Welche Hühnerliteratur brauch‘ ich?
Ich bin ein großer Fan von Hühnerbüchern. Über die Jahre habe ich Dutzende angesammelt. Was ich aber mit der Zeit festgestellt habe war, dass der Informationszuwachs immer geringer wurde.
Was also tun?
Anfangs freut man sich mit jedem neuen Buch über die neuen Blickwinkel auf die immer selben Themen und Lösungen und vor allem über die neuen tollen Hühnerfotos. Ist man aber wirklich auf der Suche nach besseren Informationen, wird die Luft oft schnell dünn. Ich habe es schmerzhaft gemerkt, als ich nach handfesten Informationen über die Hühnerzucht gesucht habe. Nicht die klassische Zucht auf Ausstellungsmerkmale, sondern Zucht auf Leistungsmerkmale: anscheinend kein Thema für die Hobbyhalter, wenn man sich die Inhalte populärer Hühnerbücher anschaut.

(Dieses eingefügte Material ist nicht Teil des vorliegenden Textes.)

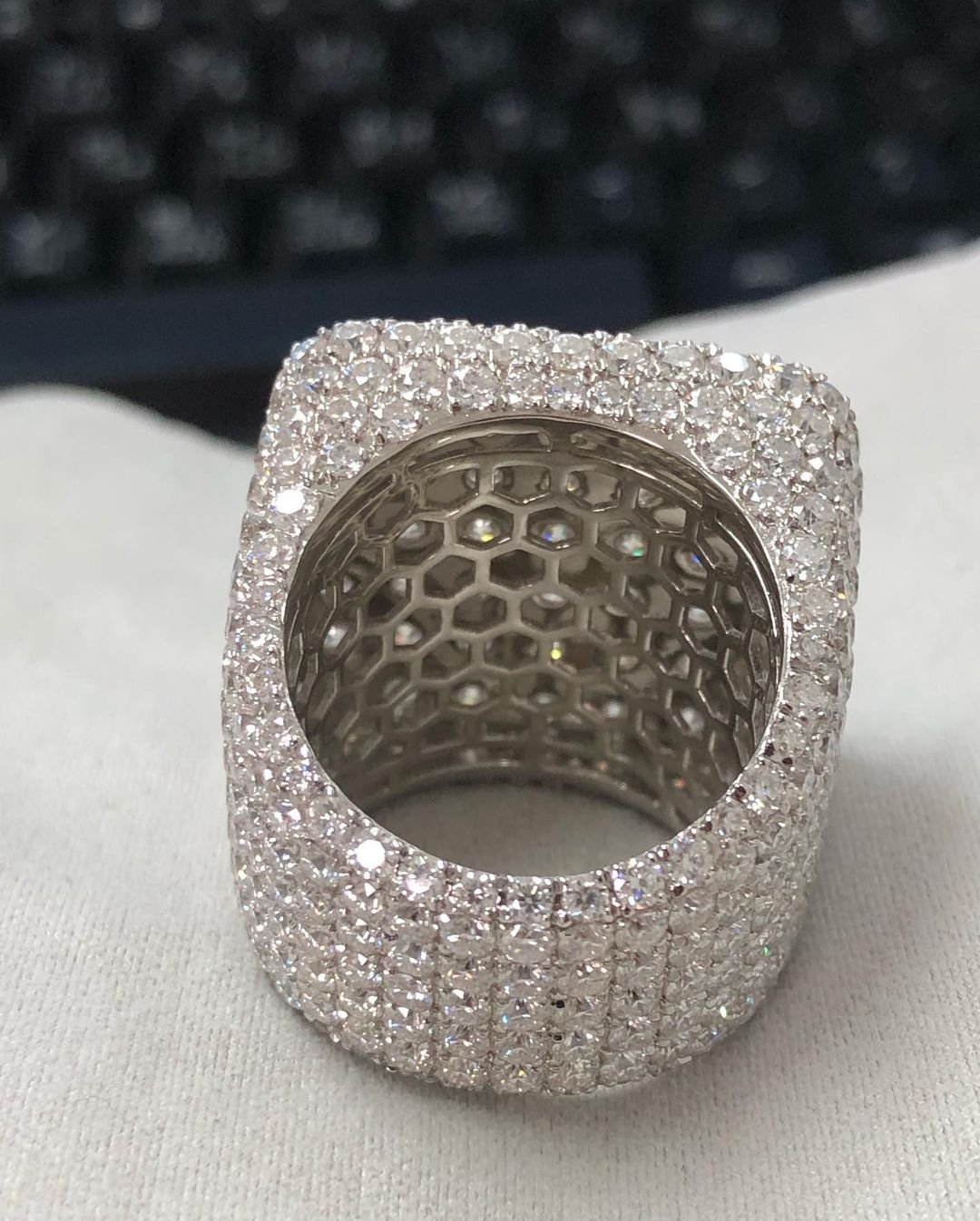 Iced Out Square Design VVS Moissanite Diamond Men's Ring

Als gelernter Landwirt sind Leistungsmerkmale kein Hexenwerk. Es gibt Zahlen und Statistiken, Wahrscheinlichkeiten, nach denen jene Eigenschaft vom Vater und jene eher von der Mutter vererbt wird. Wie man dies ausgleicht und jenes verstärken kann: Nichts davon lässt sich allerdings in der verfügbaren Hühnerliteratur finden. Dabei hatte ich sogar meinen Bruder mehrfach in geschlossene Teile der Kieler Unibib gejagt.
Zwei bis drei Hühnerbücher zu besitzen ist sinnvoll, denke ich. Dann reicht es aber auch, weil wirklich nicht mehr viel neues kommt. Die Bücher sind nicht teuer, das Geld an irgendeinem Punkt aber rausgeschmissen. Langer Rede kurzer Sinn, hier meine Favoriten.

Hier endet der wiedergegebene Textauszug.